Reduction- and pH-Sensitive Hyaluronan Nanoparticles for Delivery of Iridium(III) Anticancer Drugs.

Abstract

The organoiridium(III) complex (Ir(III)) [(η5-Cpxbiph)Ir(phpy) (py)]PF6 containing π-bonded biphenyltetramethylcyclopentadienyl(Cpxbiph), C∧N-chelated phenylpyridine(phpy), and pyridine (py) ligands has more potent antitumor activity as a new generation of drug than cisplatin toward various cancer cells. However, poor site-specific delivery, low solubility, and poor tumor penetration are common limitations of chemotherapy drugs. To develop CD44-targetable, pH-, and reduction-responsive drug delivery systems for Ir(III) drugs, the amphiphilic hyaluronan (HA)-based conjugates of HA-cystamin-pyrenyl (HA-ss-Py) containing disulfide bonds and HA-pyrenyl (HA-Py) were designed. The Ir(III) drug was readily loaded into these two amphiphilic conjugates and nanoparticles were formed.

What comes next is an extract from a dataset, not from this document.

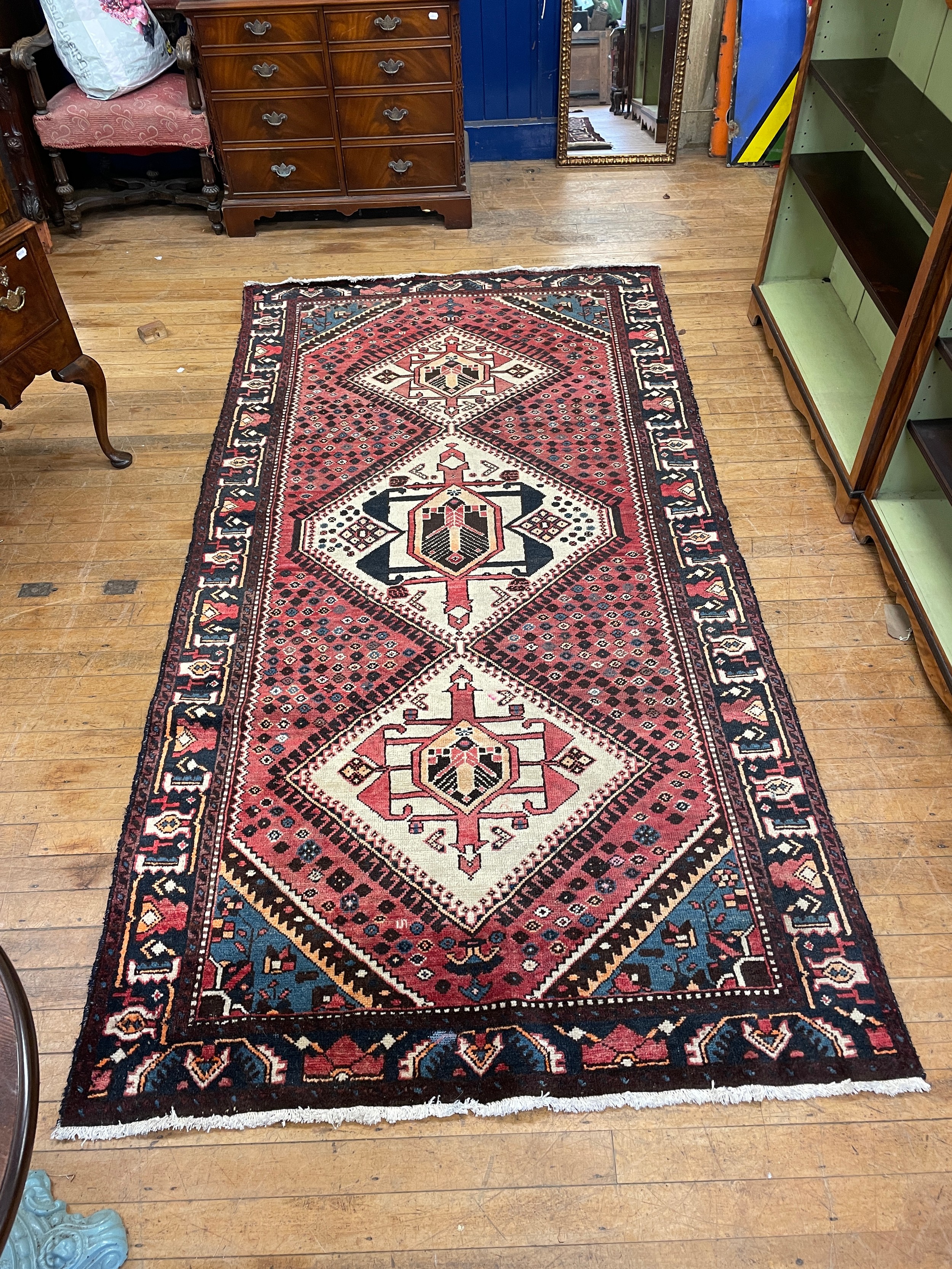 A Persian red ground carpet, 294 x 156 cm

Dynamic light scattering (DLS) studies showed that the micelles formed from HA-ss-Py were sufficiently stable under physiological conditions, but were prone to rapid dissociation in reducing environments (20 mM glutathione (GSH)). In subsequent confocal microscopy analyses, A549 cancer cells efficiently internalized HA-based micelles. Moreover, in vitro cytotoxicity assays in A549 cells demonstrat that Ir-loaded HA-based nanoparticles have higher cytotoxicity than the free Ir(III) anticancer drug. Finally, systemic administration of Ir(III)-loaded HA-ss-Py nanoparticles enhanced tumor inhibition in vivo, and the corresponding biodistribution experiments showed that HA-ss-Py micelles accumulate in tumors. Overall, our results suggest that HA-ss-Py micelles have a great potential to be used as an effective Ir(III) drug carrier for targeted cancer therapy.